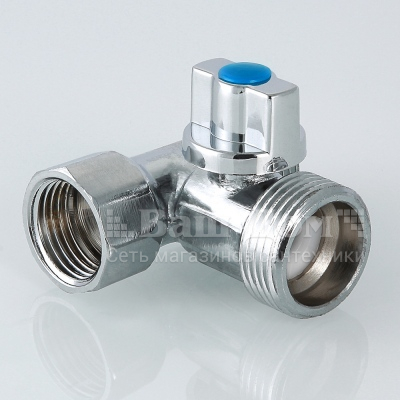 Кран шаровый Valtec VT.256.N.04, 3-х пр. 1/2"х 3/4"х1/2"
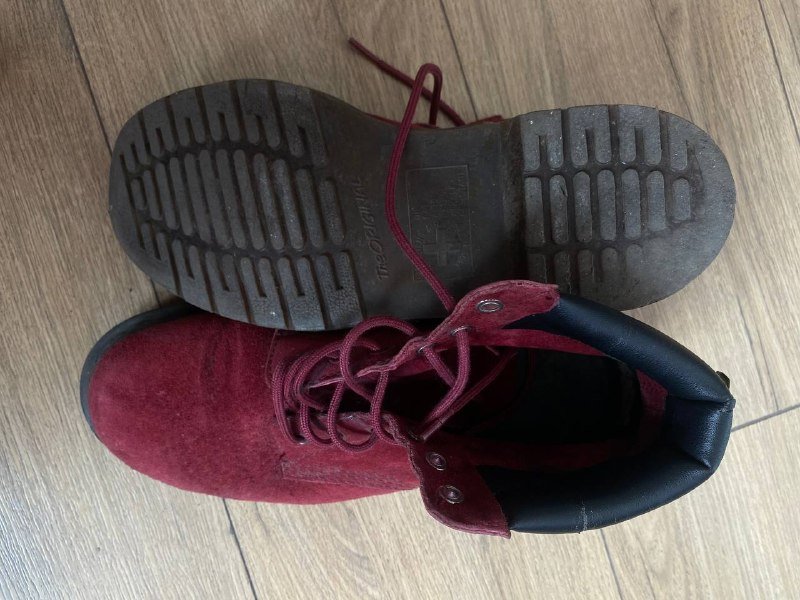 Dr. Martens, винтажные замшевые ботинки 5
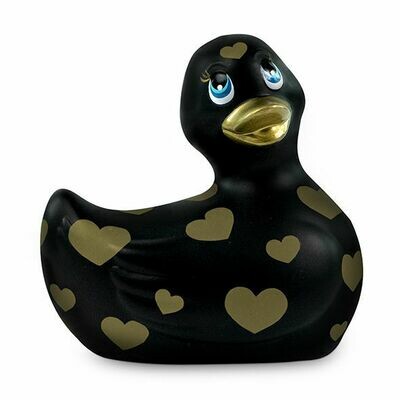 I RUB MY DUCKIE 2.0 | PATO VIBRADOR ROMANCE (BLACK &amp; GOLD)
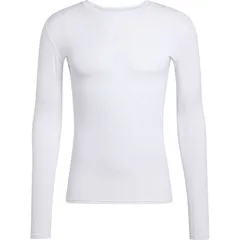 adidas アディダス テックフィット 長袖Tシャツ サッカー ストレッチシャツ ksc51-jp2920、(JP2920)ホワイト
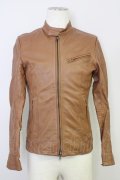 【WINTERセール】GOSTAR DE FUGA / ジャケット.VOGUEレザーライダース'11AW 44 ブラウン T-24-03-06-010-GO-ja-YM-ZT-ML028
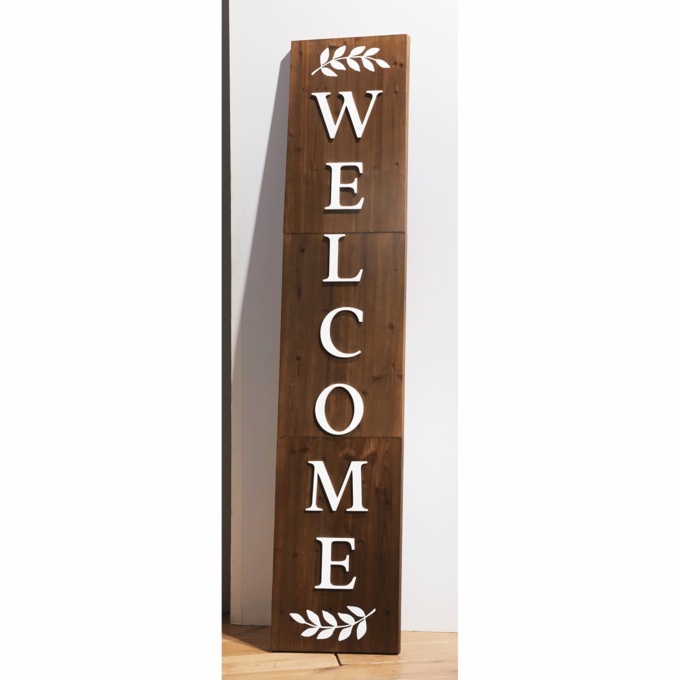 Welcome Sign Porch Leaner, , large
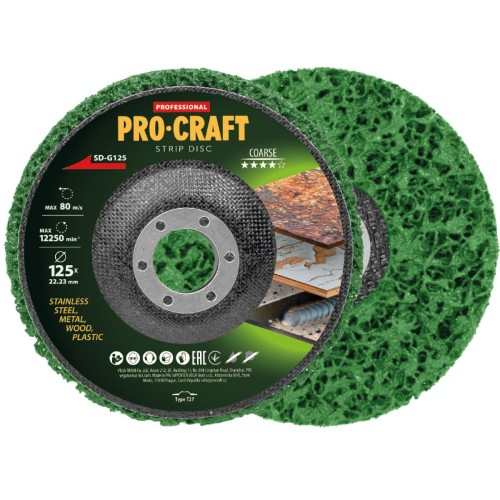 Kotouč brusný Clean + Strip Procraft SD-G125 | SD-G125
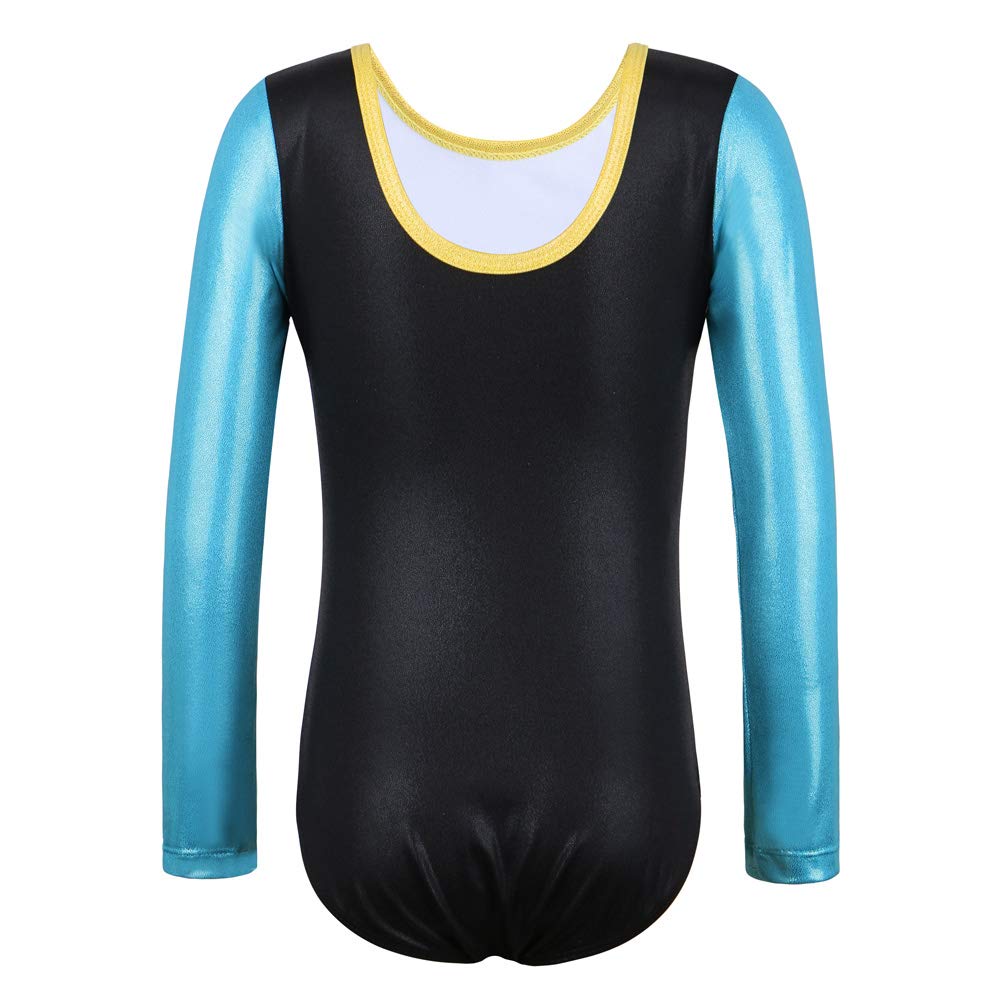 XFGIRLS Long Sleeve Leotards for Girls Gymnastics Biketards Kids Glitter Ballet Dance Unitards 11-12Y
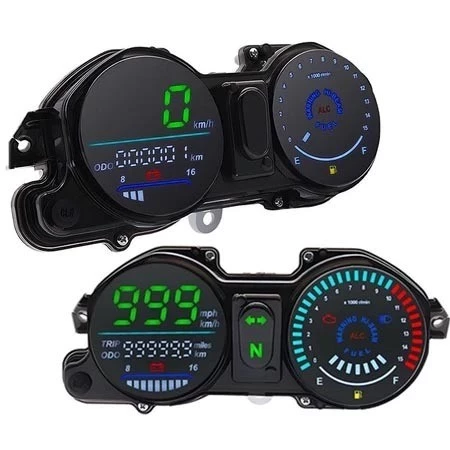 Novo Velocímetro Brasileiro De Motocicleta Odômetro Painel Digital Para CG/Titan 150 ESD 2009 A 2013 AZUL 37100 KVS 901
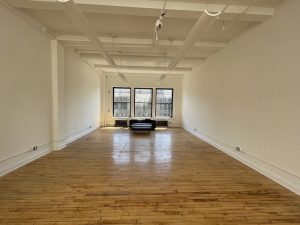 West 20th Office Loft Rental with Skylight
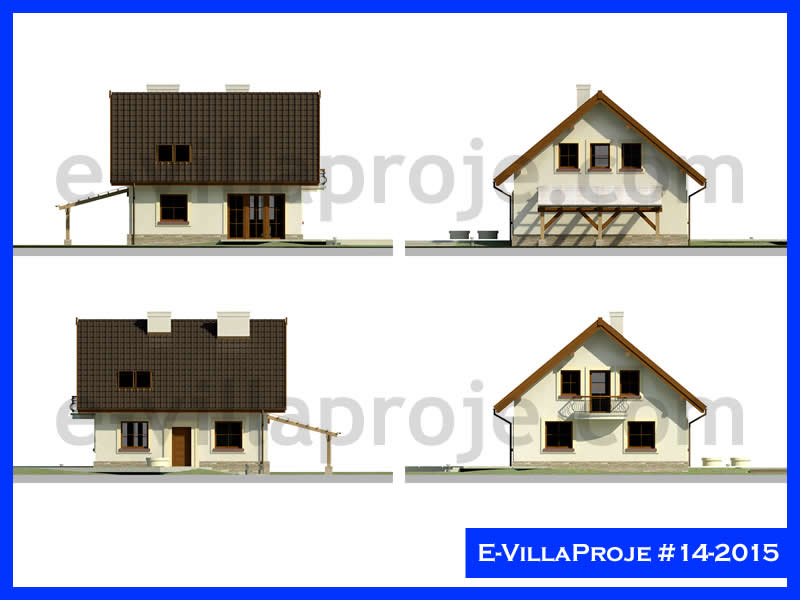 Ev Villa Proje #14 – 2015 Ev Villa Projesi Model Detayları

[Work to be completed]: Without the pictures, copy the material exactly as given.

[Task answer]:
 Кран шаровый Valtec VT.256.N.04, 3-х пр. 1/2"х 3/4"х1/2"
 Dr. Martens, винтажные замшевые ботинки 5
 I RUB MY DUCKIE 2.0 | PATO VIBRADOR ROMANCE (BLACK &amp; GOLD)
 adidas アディダス テックフィット 長袖Tシャツ サッカー ストレッチシャツ ksc51-jp2920、(JP2920)ホワイト
 【WINTERセール】GOSTAR DE FUGA / ジャケット.VOGUEレザーライダース'11AW 44 ブラウン T-24-03-06-010-GO-ja-YM-ZT-ML028
 Welcome Sign Porch Leaner, , large
 Kotouč brusný Clean + Strip Procraft SD-G125 | SD-G125
 XFGIRLS Long Sleeve Leotards for Girls Gymnastics Biketards Kids Glitter Ballet Dance Unitards 11-12Y
 Novo Velocímetro Brasileiro De Motocicleta Odômetro Painel Digital Para CG/Titan 150 ESD 2009 A 2013 AZUL 37100 KVS 901
 West 20th Office Loft Rental with Skylight
 Ev Villa Proje #14 – 2015 Ev Villa Projesi Model Detayları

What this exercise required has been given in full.